[Problem requirements]: The listing below should be reproduced exactly, with the pictures omitted.
#### Given material
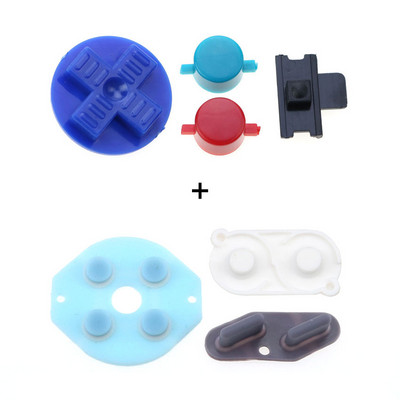 „YuXi“ guminis laidus mygtukas ABD pagalvėlė Silikoninis „Start Select“ klaviatūra ir „pasidaryk pats“ mygtukų rinkinys, skirtas „Gameboy Classic GB“ remonto dalims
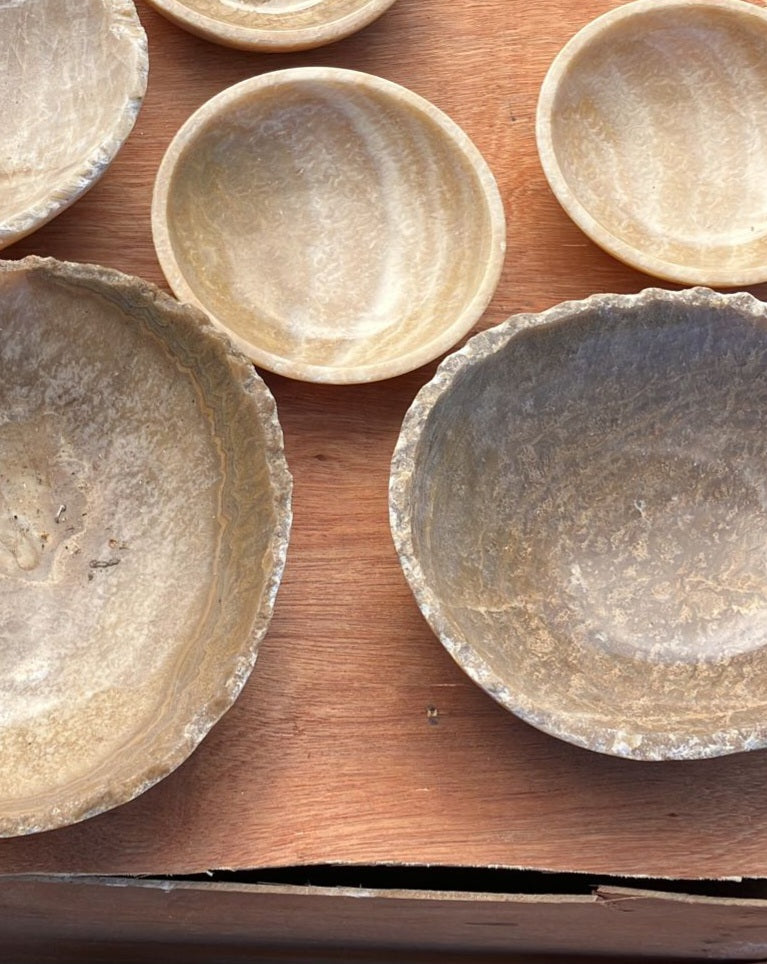 Onyx bowls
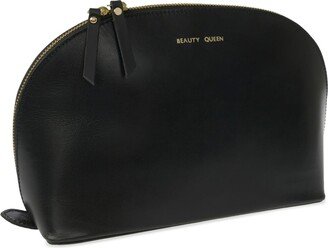 Vida Vida Lunar Black Beauty Queen Leather Wash Bag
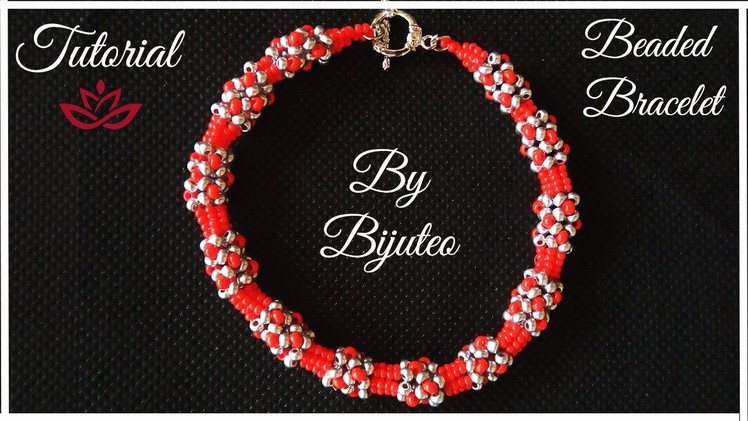 Gorgeous Beaded Bracelet - Chenille Stitch Tutorial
########
[Result of the task]:
 „YuXi“ guminis laidus mygtukas ABD pagalvėlė Silikoninis „Start Select“ klaviatūra ir „pasidaryk pats“ mygtukų rinkinys, skirtas „Gameboy Classic GB“ remonto dalims
 Onyx bowls
 Vida Vida Lunar Black Beauty Queen Leather Wash Bag
 Gorgeous Beaded Bracelet - Chenille Stitch Tutorial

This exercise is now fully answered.